Cow Manure and Gremlins: Why You Should Stop Writing for Trends and Trust Your Writing Voice
- 16 hours ago
- 4 min read

Dear You, Please Stop Trying to Sound Like Everyone Else
Ask any of my friends, and they will agree with a unanimous vote: I LOVE to troll everyone.
And I mean everyone, including my readers.
Nothing makes me happier than instilling sarcasm throughout my work whenever I can, because, well, it's me. My novel literally starts with a metaphor on cow manure.
The fear that writers often face (including myself) is whether our voice is too much, whether it's not enough, whether we're being too bold in a land of macho shadow men with their dainty-but-strong heroines. You might think, "Hey, that's how they're making the big bucks!"
Here's the big sloppy pickle juice of it all: you risk fading into the background if you tone down your own voice to fit the current mold of market trends. You become replaceable, a has-been without ever having been.
Or worse, you shapeshift your writing voice so much that you attract the wrong audience. If you start writing fast-paced adventure stories with too-serious characters, you could get stuck with an audience that expects that from you. And if you can't stand the thought of not tossing in a "hehe, cow poop," then I fear for the loss of your magnificent voice, because there is absolutely a hoot-and-a-half of an audience that wants to read that from you. Don't steal their future favorite book before they have the chance to read it! Your writing voice matters.
This Sounds Weird. What Exactly is a Writing Voice?
Ah, writing voices. This is the part where you're probably thinking, "Yes, Leah, please explain how I should get this legendary writing voice."
Unfortunately, your writing voice is not something you can copy. Why? Well, it's you. See the theme?
Think about the way you text your friends. Do you prefer a "haha" or an LOL? And even further, if you like a good laugh-out-loud, do you capitalize it or keep it lowercase (lol). Do you use emojis? And if you do, do you use the true laughing emoji or a skull face (e.g., I'm "dead")? Are you a punctuation person? Side note: Please don't actually tell me you're a fan of using periods in texts, or I will cry. Exclamation points, only.
!!!!!!!!!!!!!!!!!!!!!
Even with those questions, you can already see how the way you text is completely unique from the way your friend texts or the way a family member texts. In fact, I bet your closest people would know if you were kidnapped based on the way your kidnapper texts them (aka, not the way you normally text).
Say it with me now: Because it's your VOICE!
The same idea applies to writing a novel. Your story might have a killer plot, but only you can tell it. Your manuscript is going to have bits of your soul dashed all throughout that epic tale about Gerald, the overlooked Dung Beetle, who saves the world with his poop pile.
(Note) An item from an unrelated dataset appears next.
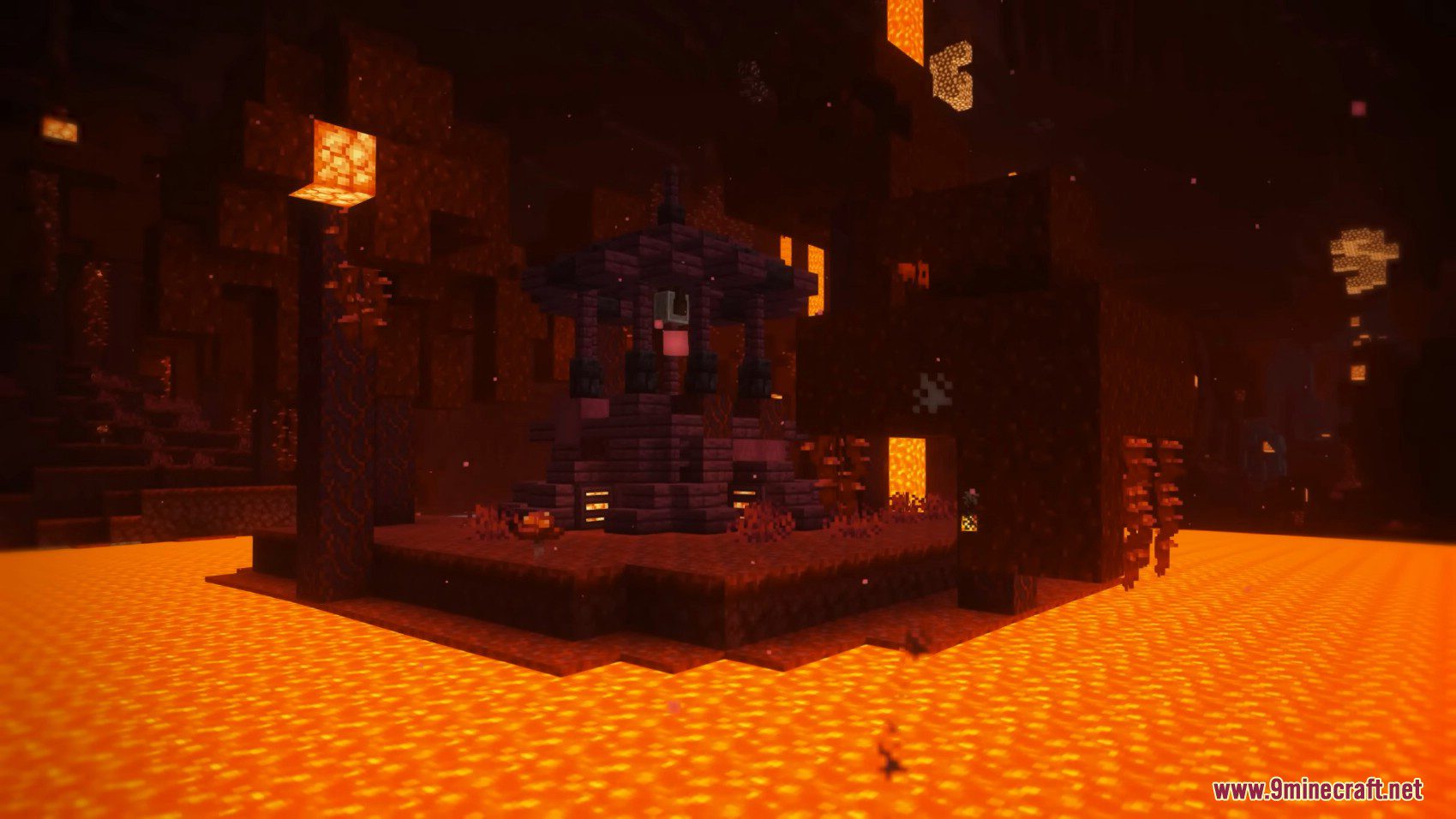 Nether Structures Mod (1.20.4, 1.19.4) - Discover New Loot, Mansions, Graveyards... 6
If you and I both wrote the story about Gerald, they would be completely different takes. It all depends on things like word choice, sentence structure, story pacing, and tone. Your unique formula of these writing style elements is how you stand out as a writer.
How to Find Your Writing Voice as a Writer
I wish I could say, "Hey, you! Your writing voice is underneath that rock over there!"
Spoiler: It's not. There's an old saying about leaving no stone unturned, but they didn't mean literally.
When it comes to finding your writing voice, you have to simply write. Write that story about Gerald without editing yourself, and see how you would tell the story. Get it all out on paper with every cow poop and wayward gremlin joke included (or if you prefer the all-serious characters, throw a ton of those in there to counter Gerald). Go with what feels natural, because that's where you are going to find: you.
When I started writing my first draft (many, many iterations ago), I brain dumped an entire scene onto paper the way I would normally say everything out loud. This eventually shaped my narrator voice. It also determined how I wanted to structure my novel and the overall pacing.
But you know what I didn't remove? The sarcastic retorts from my protagonist, the silly narrator interruptions, or even my use of "eff-ing." When I go back and read all of the weirdo elements of mine that I kept, it makes me so happy. I never want to trim or soften what I love most about my story, and neither should you.
In fact, when I recently let my best friends read the first 5,000 words of my novel, my voice was what they loved most. The things I kept—the things that I was most proud of—were exactly the things they pointed out.
And I come with receipts! Here are some of the texts I got back:

Go Write and Trust Your Writing Voice
My final parting words are to go out there, be messy, write the draft that makes you laugh, cry, and throw the computer across the room. Write YOUR story, the version only you can tell. And then send it to me, because I definitely want to read it.